The Rainforest algorithm is constantly evaluating and learning from collected behavior and results. Rainforest recruits at least 3 testers for every test. Each tester’s actions—such as mouse activity, time spent on each step, or correct site navigation—are all monitored by our system and compared to one another to ensure consistency.
How are Acceptance and Rejections determined?
Based on our algorithm and overall evaluation of a result, we will either Accept or Reject the test results of each tester. Accepted and Rejected results are not the same as the "Pass" or "Fail" results for test steps. Instead, this is the means by which we determine our confidence in the accuracy of the submitted result.

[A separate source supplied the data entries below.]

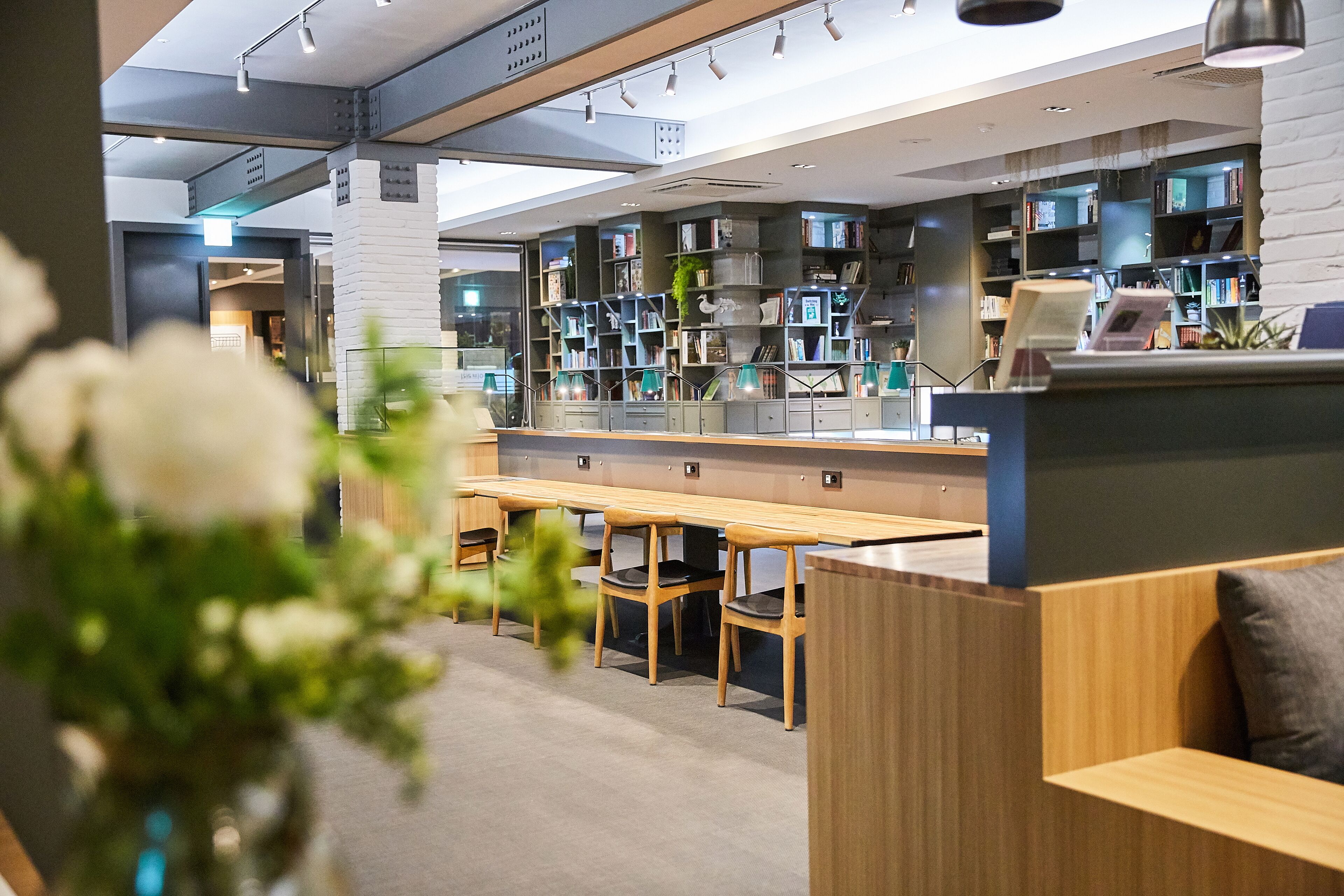 Una biblioteca moderna con estanterías, zonas de lectura y un mostrador de recepción.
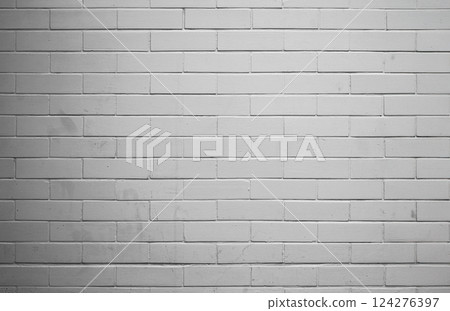 A white brick wall as a background with and a softly shaded, old. A white brick wall as a background with and a softly shaded, old. 124276397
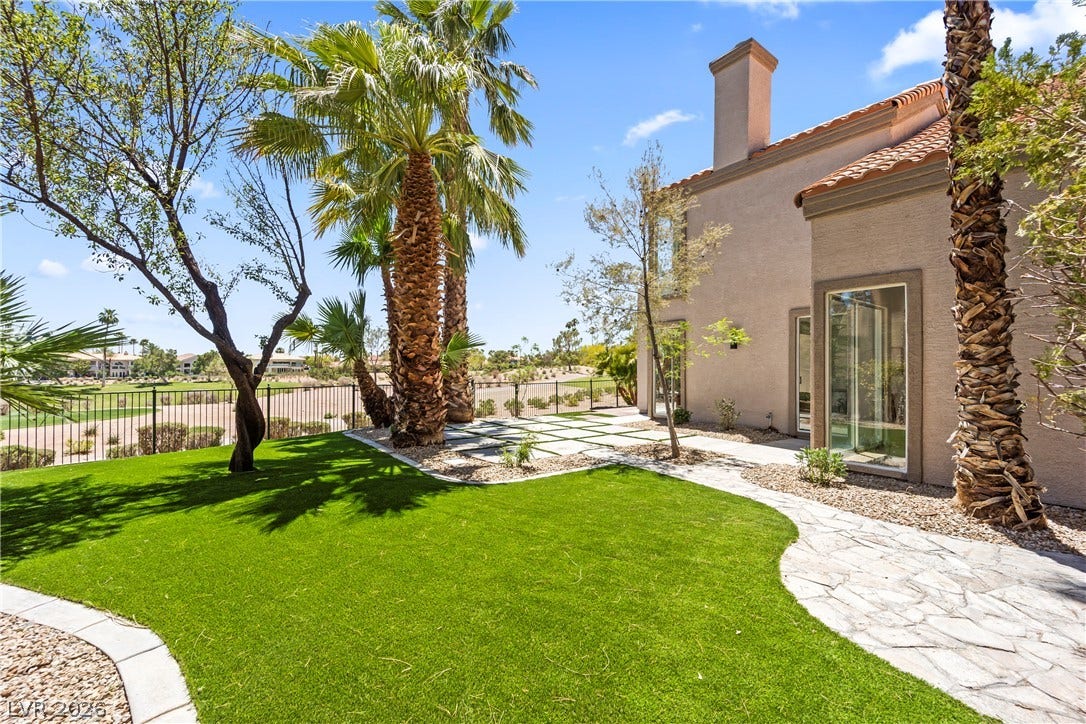 8921 Diamond Falls Drive, Las Vegas, NV 89117 A private yard with lush artificial turf and mature palms overlooks the serene golf course.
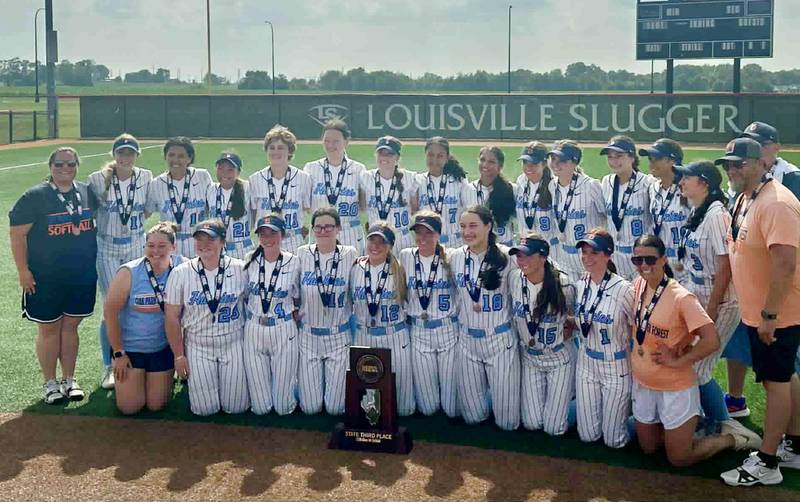 Members of the Oak Park River Forest softball team pose with the Class 4A third-place trophy on Saturday, June 14, 2025 at the Louisvile Slugger Complex in Peoria.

- Results determined to be correct are Accepted and are taken into account when reporting the final state of the test (Pass/Fail).
- Results that cannot be passed with confidence are Rejected. These results are not taken into account in the final (Pass/Fail) determination, but the result and reason for rejection are still displayed for you to evaluate.

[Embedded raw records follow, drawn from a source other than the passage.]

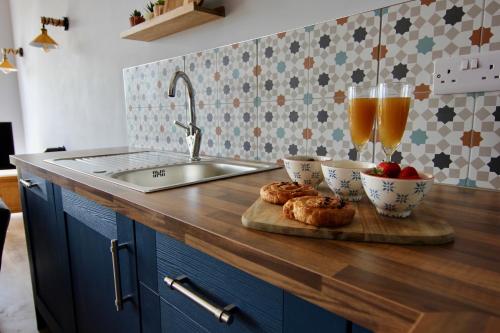 una barra de cocina con dos tazones de comida y dos vasos de zumo en Farways Den, en Haworth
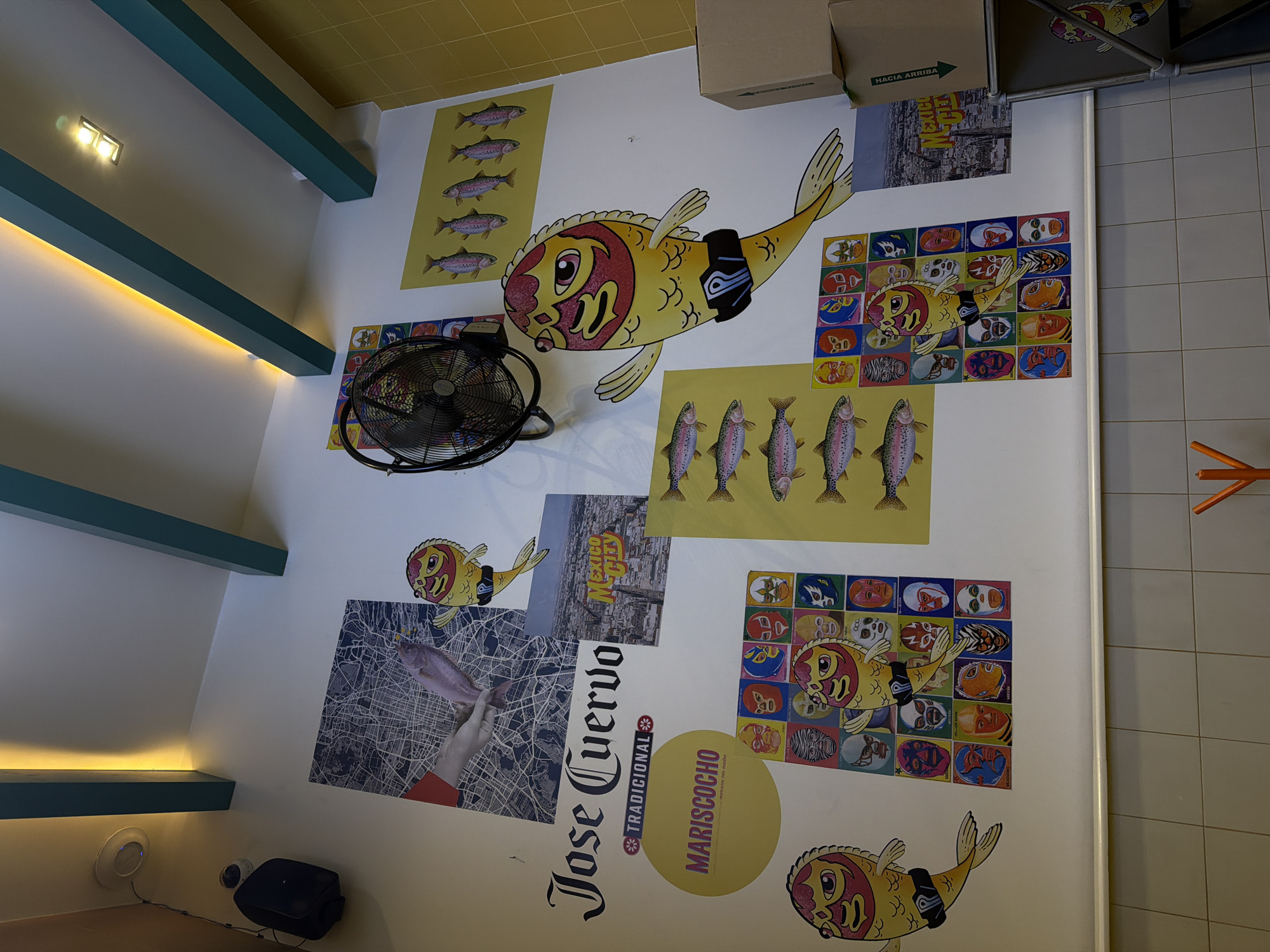 The image shows a wall in a restaurant or business in Mexico City. The wall is white with various decals and posters. Some of the notable decorations include:
* Decals of fish with Lucha Libre masks.
* Posters of fish in rows.
* A poster of Mexico City.
* A poster with the words "Jose Cuervo Tradicional Marisococho" in large print.
* A poster featuring a hand holding a fish superimposed over a city map.
A black stand-up fan is affixed to the wall. The location appears to be indoors, and possibly a casual dining establishment.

Why do some tests have more than 3 assigned testers?
If a result is rejected, we may recruit additional testers until we have a consensus on whether the test has passed or failed. Although it is not typical, tests can sometimes recruit up to 12 testers.
Update to our Algorithm
Our current algorithm: Simple Vote Multi-Fail (SVMF)
- Our current algorithm looks for 2 matching results (consensus) or seeks out 3 conflicting failures.

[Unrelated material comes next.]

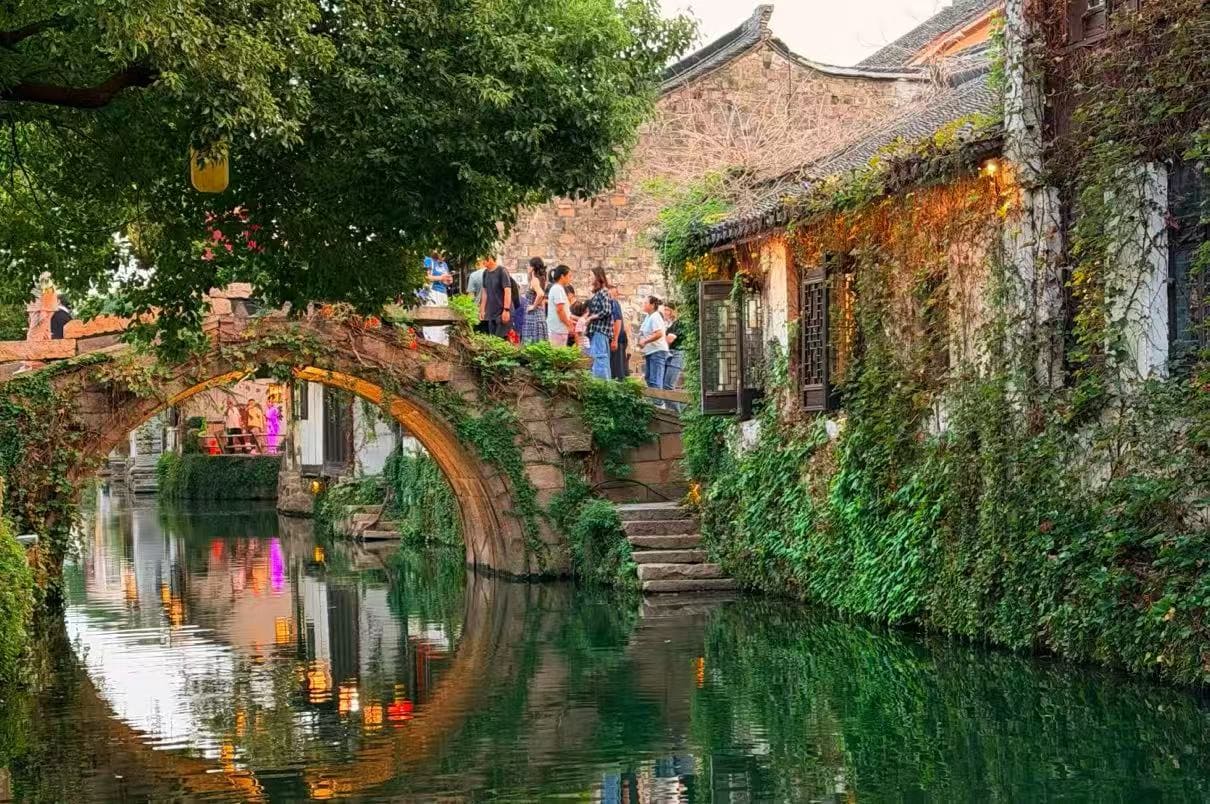 Zhouzhuang Water Town,Suzhou,Chinatour Stone arch bridge over a green canal, ivy-covered walls, and people strolling along a historic riverside walkway.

- 2 matching results, either 2 passes or 2 failures, is translates as a "consensus" result. When two testers successfully execute a step in a browser and answer with a 'yes', this step is deemed as having "passed". If 2 testers fail the same step by answering 'no' , that step and the test as a whole in that browser will be judged as having "not passed".
- For 3 conflicting failures, if 3 testers fail a test at 3 different steps, then the test result is deemed to not have passed. If this were Simple Vote, the system would wait until 2 matching results came up, which typically translates into longer run times.
Our previous algorithm: Simple Vote
- The algorithm looks for 2 matching results, a consensus within a step, from testers and declares the result of the test. For example, if two testers pass a step, then the result of the test is “pass” provided all steps pass. If two testers fail step, then the step considered a “fail” and will lead to the test failing.
What changes can I expect?
- There are new UI elements in the results section. Specifically, the test results page will show multiple "X"s on a test that failed at multiple steps. This will indicate where testers failed a test which leads to the overall failure.
- Since there is less need to recruit more testers in a given test, tabular variables will be less likely to be exhausted during a run, preventing unnecessary failures.
Why are some results rejected?
This is a common question, and you may notice some tester that completed the test had their results rejected. Results may be rejected for the following reasons:
- The tester’s results do not agree with the other testers (includes Simple Vote and SVMF).
- (Only for accounts set to ‘Paranoid’ mode) If a single tester has reported a failure, all passing results will automatically be rejected.
- The tester completed the test too quickly for us to be confident in the result.
- The tester did not navigate to the URL defined in the test steps.
- A Rainforest admin rejected the tester’s results after reviewing their work.
- The tester failed to perform the expected actions (clicks, scrolls, mouse movements, etc) over several steps.
- The tester failed a built-in quality control test.